*** Opening THE RECORDS ***

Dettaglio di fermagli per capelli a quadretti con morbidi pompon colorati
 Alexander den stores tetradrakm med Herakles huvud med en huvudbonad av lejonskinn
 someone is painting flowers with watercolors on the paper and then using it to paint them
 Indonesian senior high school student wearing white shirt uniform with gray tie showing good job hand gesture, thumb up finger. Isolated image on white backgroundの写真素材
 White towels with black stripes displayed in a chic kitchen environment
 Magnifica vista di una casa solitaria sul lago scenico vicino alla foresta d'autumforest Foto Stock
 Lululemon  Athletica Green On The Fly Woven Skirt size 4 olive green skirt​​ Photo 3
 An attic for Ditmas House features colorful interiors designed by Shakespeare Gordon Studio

*** Closing THE RECORDS ***

WHAT YOU SHOULD DO
Your task is to quote all of the data word for word.

YOUR SOLUTION
Dettaglio di fermagli per capelli a quadretti con morbidi pompon colorati
 Alexander den stores tetradrakm med Herakles huvud med en huvudbonad av lejonskinn
 someone is painting flowers with watercolors on the paper and then using it to paint them
 Indonesian senior high school student wearing white shirt uniform with gray tie showing good job hand gesture, thumb up finger. Isolated image on white backgroundの写真素材
 White towels with black stripes displayed in a chic kitchen environment
 Magnifica vista di una casa solitaria sul lago scenico vicino alla foresta d'autumforest Foto Stock
 Lululemon  Athletica Green On The Fly Woven Skirt size 4 olive green skirt​​ Photo 3
 An attic for Ditmas House features colorful interiors designed by Shakespeare Gordon Studio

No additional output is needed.